The Federal Investigation Agency has uncovered documentary evidence that explains how brokers and speculators fix sugar prices months in advance.
The agency recovered 500 books and files of forward contracts for sugar during multiple raids in Lahore.
The record shows the price of 110kg of sugar was Rs9,000 on March 15, 2021. The bookers were setting the prices for the month of April and May at Rs9,500 for wholesalers. A 100kg sack was then sold for around 9,800 in the market.
Of the 500 books recovered, 60 belonged to Malik Majid, 40 to Malik Ibad, 10 to Khurram Shafi, and 20 to Amir Waheed and Khawaja Imran, according to the FIA.
Majid used to deal with all sugar mills. Ibad was dealing with Jahangir Tareen’s mill, and Waheed and Imran with the Sharif family’s sugar mills. Shafi’s books showed that he was in business with Chanaar Mills.
Satta: how it works
Satta is an illegal practice and a menace to control price increases. It is a virtual sale in which no physical quantity of an item is traded.

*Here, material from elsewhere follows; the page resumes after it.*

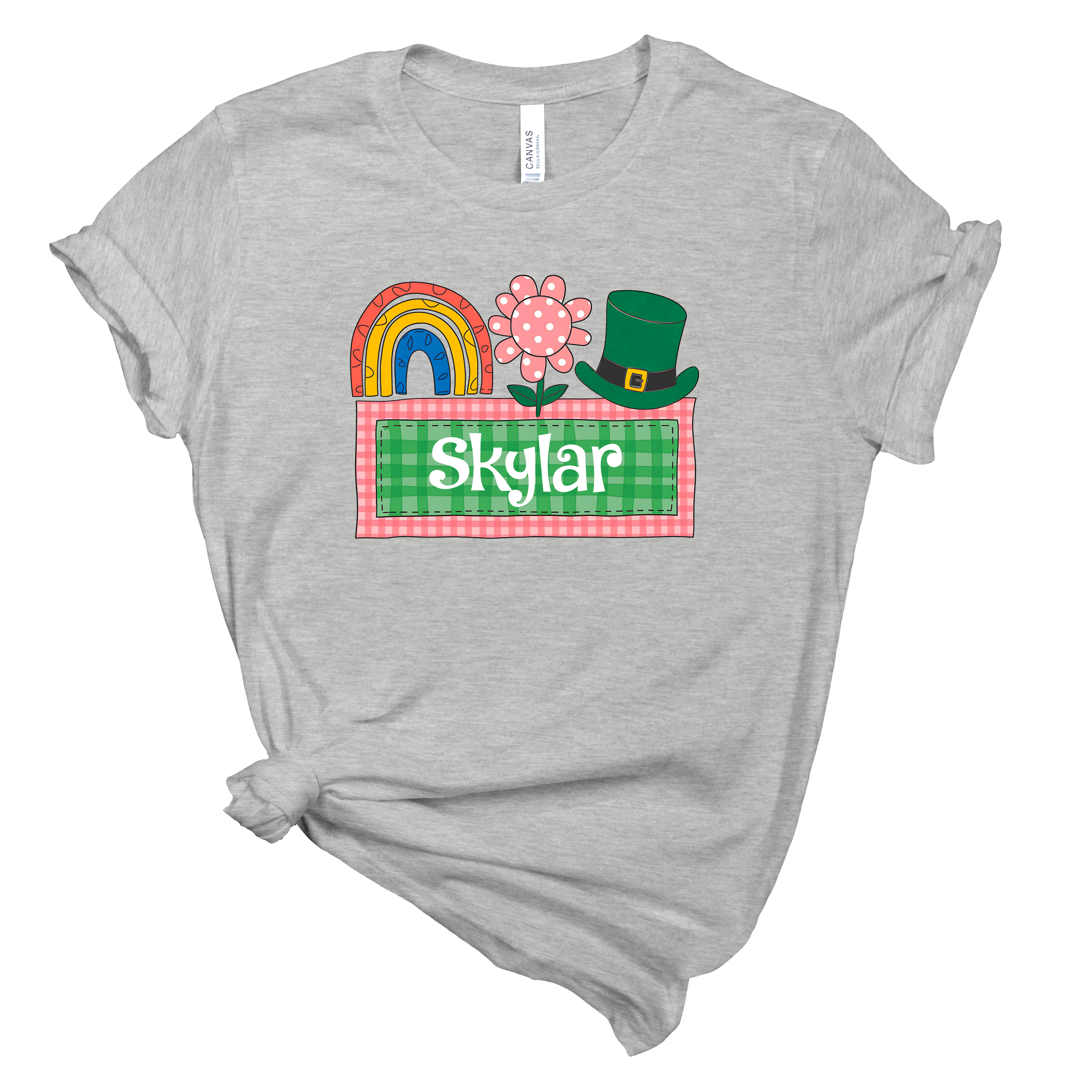 St. Patrick's Day kids with names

However, players speculate prices, which influence the price in retail markets, causing artificial inflation.
Related: Dirty satta players scheming Rs100 sugar price for Ramazan Satta works through ‘forward’ contracts, which are the sale in advance by sugar mills. The deal takes place but the sugar is lifted at some future date specified in the contract.

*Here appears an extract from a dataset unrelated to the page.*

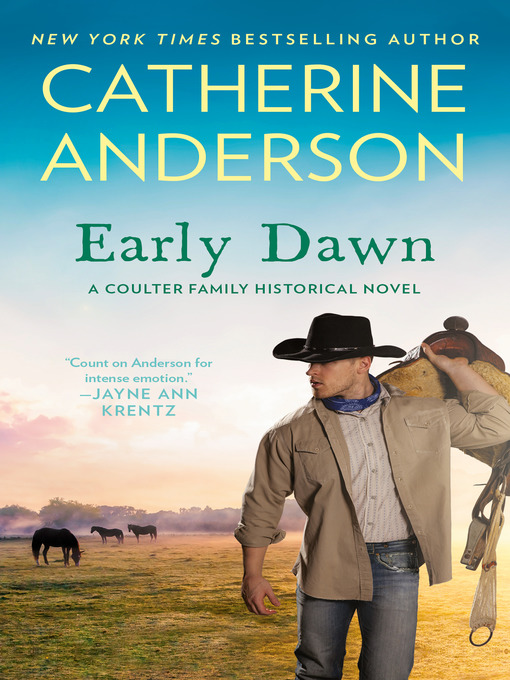 Title details for Early Dawn by Catherine Anderson - Wait list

There are two types of forward contracts.
In the first type, party A (wholesaler, investor, stockist) buys certain quantities of sugar from party B (mill owner) at lower than the current rates. Payment is made in advance but delivery is executed at a future point.

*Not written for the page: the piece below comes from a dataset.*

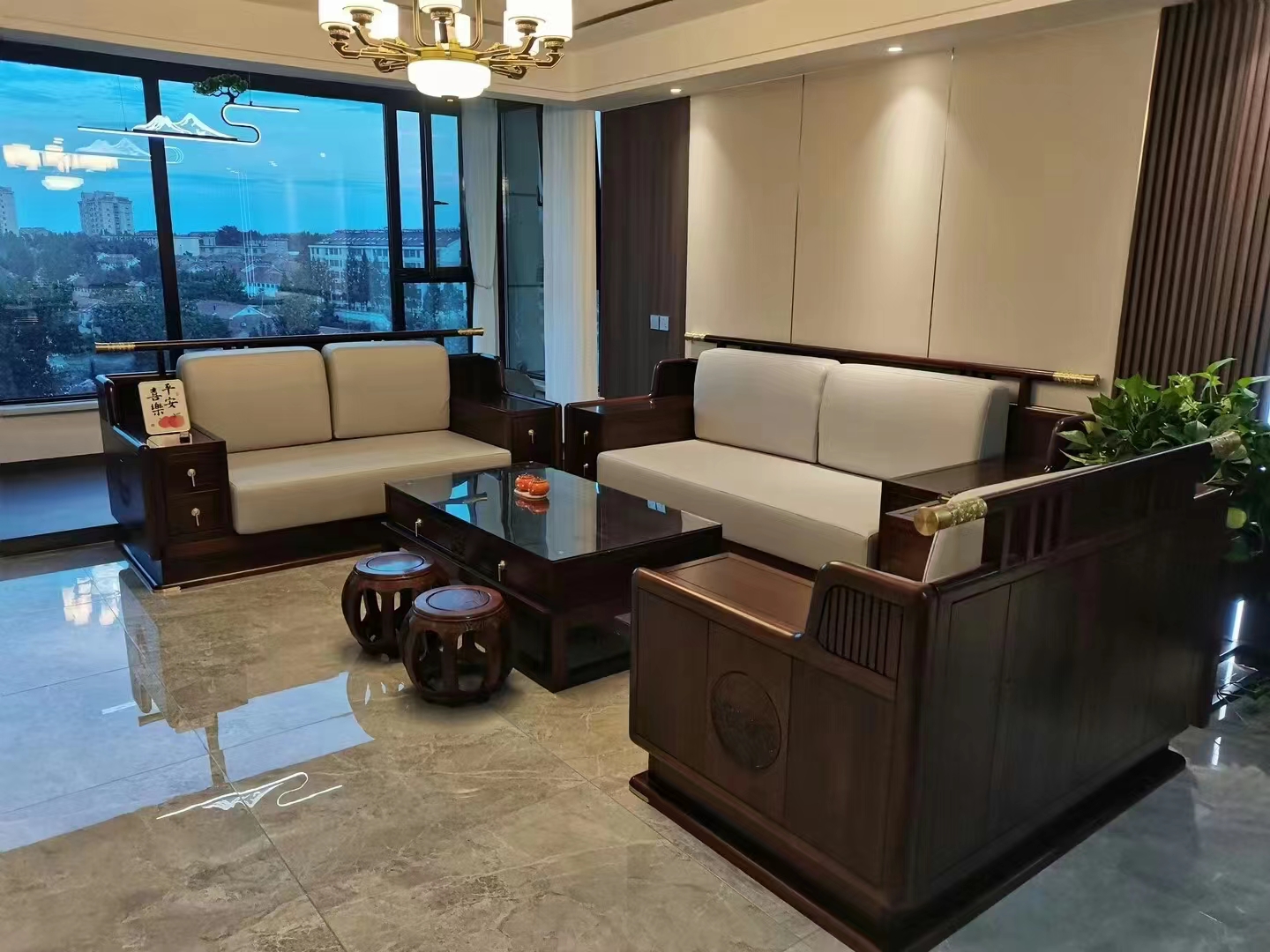 龍旺華庭 119m2 新中式 在施工地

In this case, the buyer makes a profit if the rate goes up. This is a normal business practice and justifiable because payment was made in advance for a discount, the committee’s report said.
The seller, on the other hand, gets the capital (read money) in advance that he or she can use for their business expenses without delivering the produce.
In the second type of forward contract, the buyer enters an agreement with the seller.
This could be written or verbal.
Again, the sugar is lifted at a future date but unlike the first type, no payment is made. In this case the rate is normally set at higher than the current rate.
Again, if the price goes up, the buyer makes a profit, “but this type of forward contract lends itself to the possibility of satta” or speculative sale, the committee wrote in its report.
It said that in both the types the buyer has the advantage when the price increases, but participation of both parties and a physical transfer of the sugar at a future date is required.
To understand where the problem may arise, consider this example:
The price of sugar right now is Rs90 per kilo but in a forward contract, the buyer books a virtual sugar delivery with the person selling it at Rs92.
No payment is made at this point.
If the price in the overall market goes up to Rs94, then a mechanism kicks in: the seller who was going to take Rs92 now has to pay the buyer Rs2 more per kg to make up for it.
If the price falls to Rs88, the buyer has to make up for it by paying the seller Rs4 (because they had originally settled on Rs92). All of this price movement is speculative as no physical trade is taking place.
The problem is that speculation around prices by some players has the effect of influencing the retail price like a rumour would.
Simply put, if market speculation is on the higher side, the prices will go up even though there has been no on-the-ground change in actually demand or supply. It is a form of gambling.
Satta has become a common practice in sugar markets across Pakistan, the committee noted and proposed a detailed forensic audit of all forward contracts.